License Plate Readers Move Beyond Plates to Track Phones, Wearables, and Pet Microchips
A new surveillance technology could allow law enforcement agencies to track not only vehicles, but also phones, smartwatches, wireless earbuds and other electronic devices linked to people inside those vehicles, according to recent reports.
The technology, called SignalTrace, was developed by defense contractor Leonardo and is designed to work with automated license plate reader (ALPR) cameras, which are already widely used to record vehicle license plates.
According to the product sheet cited by 404 Media, SignalTrace combines license plate recognition data with identifiers collected from devices such as mobile phones, Bluetooth-enabled wearables and RFID-enabled devices, including workplace access badges and pet microchips, to create a unique, trackable “electronic fingerprint” that can aid in the identification of suspects or witnesses.
“When multiple devices consistently move together with a vehicle, SignalTraceʼs algorithms link them to that vehicleʼs license plate and time-stamped location data. This correlation provides investigators with another layer of actionable intelligence, even if a suspect changes or removes a plate,” the sheet reads.
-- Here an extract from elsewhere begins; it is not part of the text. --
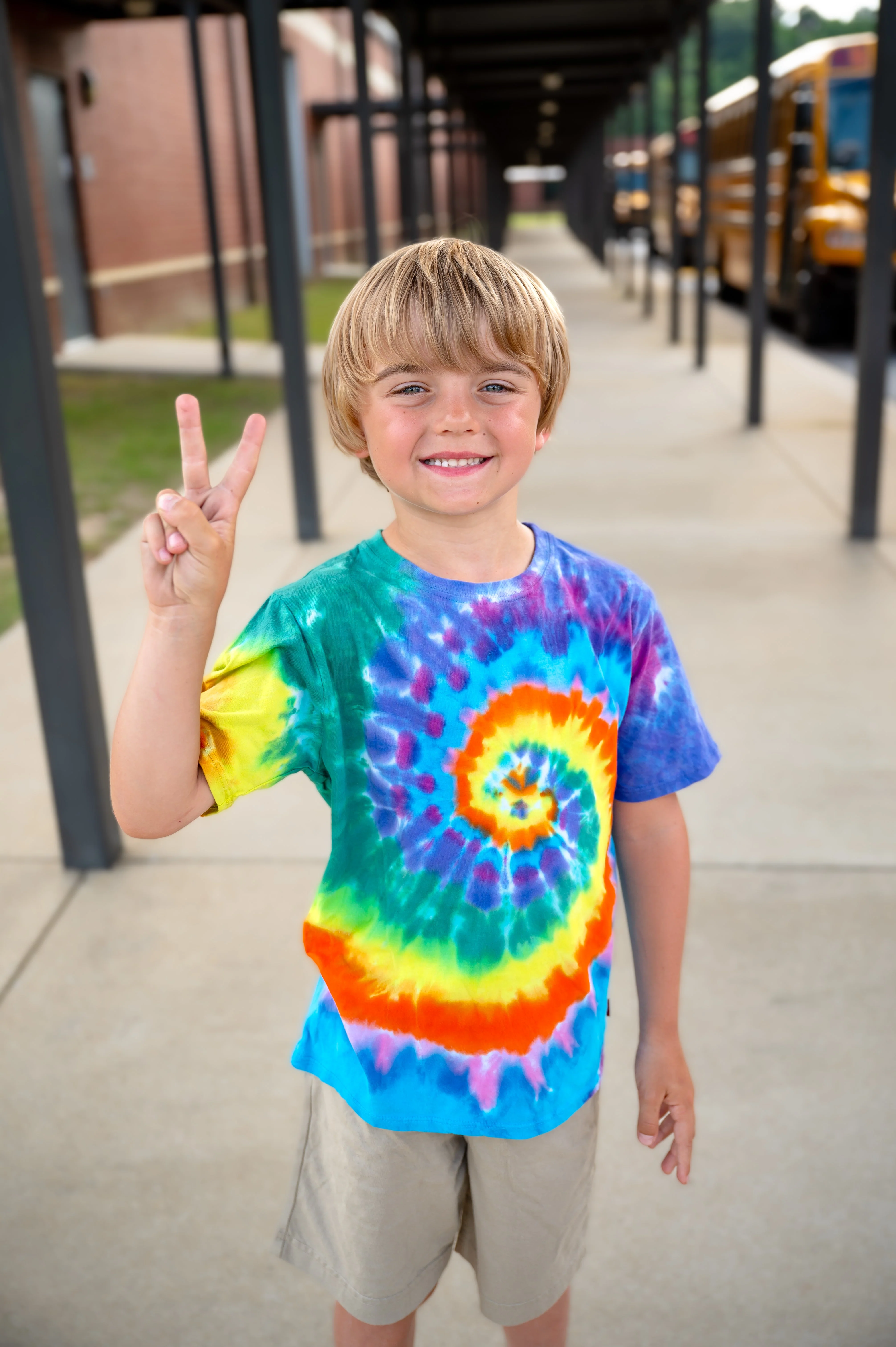 Boys Tie-Dye Soft Organic Cotton Jersey Short Sleeve Crew Tee  | Rainbow Spiral - Remutear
Privacy advocates have long raised concerns about automated license plate readers. The Electronic Frontier Foundation has said that repeatedly capturing images of vehicles at different locations can reveal a person’s “pattern of life” and even identify people they regularly associate with.
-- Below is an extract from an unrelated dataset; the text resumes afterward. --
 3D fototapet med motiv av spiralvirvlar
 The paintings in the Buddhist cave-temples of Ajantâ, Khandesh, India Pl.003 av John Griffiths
The company has not yet commented on privacy concerns surrounding SignalTrace.
Leonardo received a patent for the technology behind SignalTrace in 2024. In a press release announcing the milestone, the company defended the technology, saying it “captures device frequencies emitted into the air” and “does not decrypt or capture the contents of the devices or their communications.”
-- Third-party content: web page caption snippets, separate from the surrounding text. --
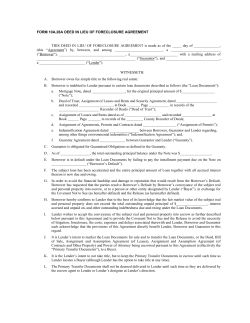 FORM 10A.28A DEED IN LIEU OF FORECLOSURE AGREEMENT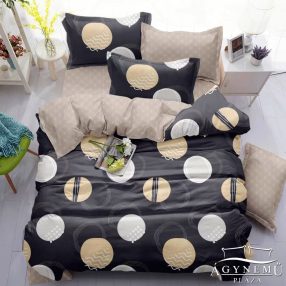   3 részes ágyneműhuzat garnitúra, ágyneműhuzat szett, pamut ágynemű, Sötétszürke karikás ágynemű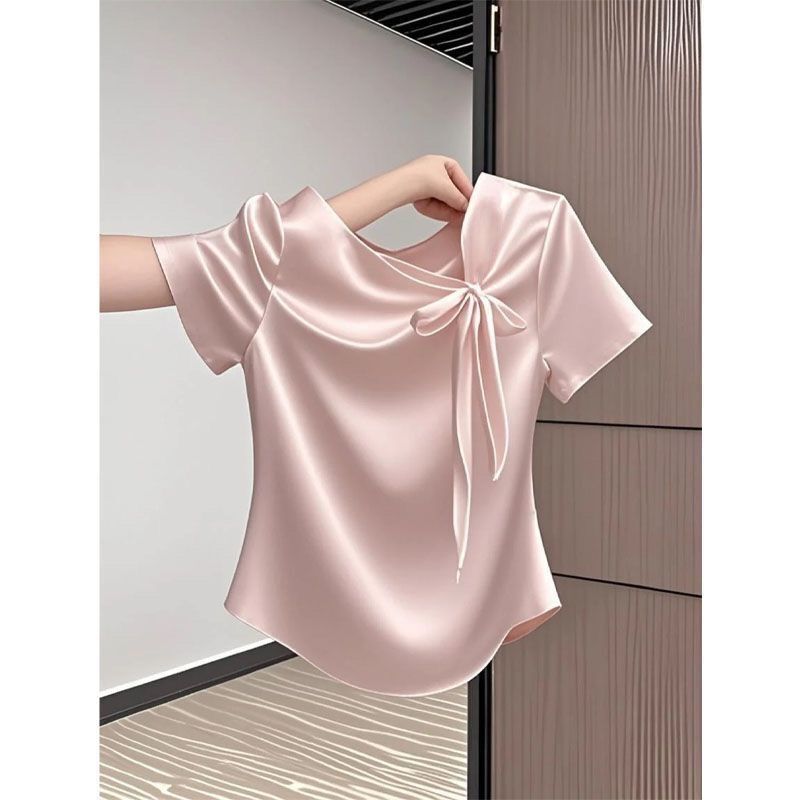 Summer 2025 New New Chinese Style Short-Sleeved T-Shirt for Women with Bow Tie Design, Good-Looking, Slimming Look and Versatile Top Summer 2025 New New Chinese Style Short-Sleeved T-Shirt for Women with Bow Tie Design, Good-Looking, Slimming Look and Versatile Top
On its website, Leonardo also said that “SignalTrace was designed to ensure it does not infringe on the rights of individuals.”
It added that “the SignalTrace system simply stores data until a specific request is made of the system by an investigator” and is used only after a crime has occurred.
Leonardo’s customers include police departments, security agencies and other government organizations.
Critics argue that SignalTrace represents a significant escalation in everyday surveillance capabilities. By fusing passive signal detection with existing ALPR networks, the system could enable law enforcement to maintain persistent profiles of individuals based on the unique combination of devices they carry—essentially turning routine travel into a datastream of identifiable movements. Privacy experts warn this could erode anonymity in public spaces far beyond what license plate tracking alone achieves.
The Electronic Frontier Foundation (EFF) has long criticized ALPR systems for creating detailed “patterns of life” from vehicle movements alone. SignalTrace amplifies these concerns by linking personal electronics, which many people cannot easily disable or leave behind. Bluetooth MAC addresses, Wi-Fi probes, and RFID emissions are often unique or semi-unique identifiers that, when correlated over time, could reveal associations with family members, colleagues, or even sensitive locations like medical clinics, places of worship, or political gatherings.
Potential for abuse and mission creep is a major worry. While Leonardo emphasizes that data is only queried post-crime and does not involve decrypting communications, historical precedents with ALPR data show broad retention and sharing across agencies. Civil liberties groups fear “function creep,” where tools marketed for serious investigations end up supporting minor enforcement, traffic stops, or even political monitoring. In an era of widespread protests and polarized discourse, the ability to retroactively map device clusters around events raises chilling-effect concerns for free assembly and expression.
On the other side, proponents highlight public safety benefits. Law enforcement could more reliably track suspects who swap plates, use stolen vehicles, or operate in high-crime areas. The technology might aid in locating missing persons, recovering stolen property (including vehicles with associated wearables), or disrupting organized crime networks by revealing convoy patterns. Leonardo positions it as a natural evolution of proven ALPR tools, backed by decades of law enforcement partnerships and designed for seamless integration with existing infrastructure.
As adoption spreads, questions of regulation, transparency, and oversight will intensify. Should agencies be required to obtain warrants for device-correlation queries? How long should “electronic fingerprints” be retained? Will there be public audits of usage? Without robust safeguards, technologies like SignalTrace could accelerate the shift toward ubiquitous, passive surveillance—blurring the line between targeted policing and mass tracking. The coming months will likely see increased debate as more departments evaluate the system.